His Strozzi Altarpiece (1354–1357) is noted as defining a new role for Christ as a source of Catholic doctrine and papal authority, as central figure enthroned actively handing out the (Dominican, or generally the Mendicant theology to Thomas Aquinas, and the keys of the church to St. Peter.

==Works==
Orcagna's works include:
- Fresco of Saint Anne calling the citizens of Florence to arms against the tyrant Walter VI, Count of Brienne, Duke of Athens, formerly in the Stinche Prison (c. 1343), a huge circular painting with a truthful depiction of the Palazzo Vecchio, where it is displayed today.
- Altarpiece of the Redeemer (1354–1357) in the Strozzi di Mantova Chapel at Santa Maria Novella, Florence
- The tabernacle in Orsanmichele (1352–1359)
- The mosaic decoration and the design for the rose window of the cathedral of Orvieto is attributed to Orcagna, who had become Master of the Works in 1359.

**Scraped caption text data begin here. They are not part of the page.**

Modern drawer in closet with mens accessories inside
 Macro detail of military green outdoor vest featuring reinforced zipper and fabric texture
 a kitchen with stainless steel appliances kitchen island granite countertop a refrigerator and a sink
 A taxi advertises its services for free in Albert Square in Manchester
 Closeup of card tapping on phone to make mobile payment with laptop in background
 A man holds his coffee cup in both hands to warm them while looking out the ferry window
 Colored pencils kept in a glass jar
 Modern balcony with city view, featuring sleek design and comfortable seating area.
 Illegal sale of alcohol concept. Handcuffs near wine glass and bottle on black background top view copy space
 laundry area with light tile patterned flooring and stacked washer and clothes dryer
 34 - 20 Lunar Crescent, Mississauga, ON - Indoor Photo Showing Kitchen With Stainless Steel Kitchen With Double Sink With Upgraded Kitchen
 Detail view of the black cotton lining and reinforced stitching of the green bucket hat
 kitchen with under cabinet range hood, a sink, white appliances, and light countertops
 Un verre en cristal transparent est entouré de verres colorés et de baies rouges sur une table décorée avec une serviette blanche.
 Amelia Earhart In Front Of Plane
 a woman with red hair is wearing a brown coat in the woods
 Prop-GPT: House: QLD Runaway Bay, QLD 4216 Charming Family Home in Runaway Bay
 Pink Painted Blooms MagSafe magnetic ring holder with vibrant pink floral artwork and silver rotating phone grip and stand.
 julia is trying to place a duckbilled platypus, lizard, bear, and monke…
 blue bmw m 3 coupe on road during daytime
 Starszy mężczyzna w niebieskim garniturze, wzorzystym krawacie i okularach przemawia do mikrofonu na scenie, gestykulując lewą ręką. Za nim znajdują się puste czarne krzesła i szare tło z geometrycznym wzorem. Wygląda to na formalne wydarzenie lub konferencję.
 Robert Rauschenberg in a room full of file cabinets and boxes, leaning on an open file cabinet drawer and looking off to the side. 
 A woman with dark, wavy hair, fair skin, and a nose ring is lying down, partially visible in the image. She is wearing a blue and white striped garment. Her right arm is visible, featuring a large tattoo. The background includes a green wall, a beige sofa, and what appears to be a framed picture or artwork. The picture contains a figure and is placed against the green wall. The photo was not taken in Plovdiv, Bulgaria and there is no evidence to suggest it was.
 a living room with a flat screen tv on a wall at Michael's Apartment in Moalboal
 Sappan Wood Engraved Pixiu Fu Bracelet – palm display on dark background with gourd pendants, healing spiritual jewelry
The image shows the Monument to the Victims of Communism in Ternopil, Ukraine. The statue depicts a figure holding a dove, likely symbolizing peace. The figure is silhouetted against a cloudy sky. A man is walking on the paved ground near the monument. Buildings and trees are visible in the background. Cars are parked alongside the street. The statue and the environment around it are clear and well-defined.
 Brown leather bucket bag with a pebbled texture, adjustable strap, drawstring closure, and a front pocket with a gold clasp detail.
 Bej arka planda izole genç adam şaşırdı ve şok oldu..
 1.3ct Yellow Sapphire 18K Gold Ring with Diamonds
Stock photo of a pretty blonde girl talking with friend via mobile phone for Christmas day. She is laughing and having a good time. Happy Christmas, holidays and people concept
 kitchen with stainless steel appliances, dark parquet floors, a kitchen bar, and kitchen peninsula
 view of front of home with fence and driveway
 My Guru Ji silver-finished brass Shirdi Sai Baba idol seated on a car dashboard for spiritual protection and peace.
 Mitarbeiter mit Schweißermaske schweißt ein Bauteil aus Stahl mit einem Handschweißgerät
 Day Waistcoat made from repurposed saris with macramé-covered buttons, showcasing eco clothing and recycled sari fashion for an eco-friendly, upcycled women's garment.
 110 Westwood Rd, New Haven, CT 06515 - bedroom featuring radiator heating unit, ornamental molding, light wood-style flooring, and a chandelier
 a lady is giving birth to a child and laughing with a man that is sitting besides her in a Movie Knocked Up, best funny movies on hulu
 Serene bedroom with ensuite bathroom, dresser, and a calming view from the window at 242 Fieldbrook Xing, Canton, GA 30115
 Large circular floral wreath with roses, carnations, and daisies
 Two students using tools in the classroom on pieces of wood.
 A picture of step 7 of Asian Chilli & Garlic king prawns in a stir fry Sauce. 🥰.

- His fresco of the Crucifixion with a multitude of angels surrounding the cross, portrayed on a dark background and a few fragments of the Last Supper (1365).

==Pupils==
Among Orcagna's pupils and legacy were:
- Nello di Vanni, a Pisan painter of the 14th century, who also worked for the Campo Santo. Nello di Vanni is conjectured to be identical with Bernardo Nello or Giovanni Falcone.
- Tommaso del Mazza, called Tomasso di Marco by Giorgio Vasari.
- Jacopo di Cione, brother of Andrea and mainly sculptor and architect.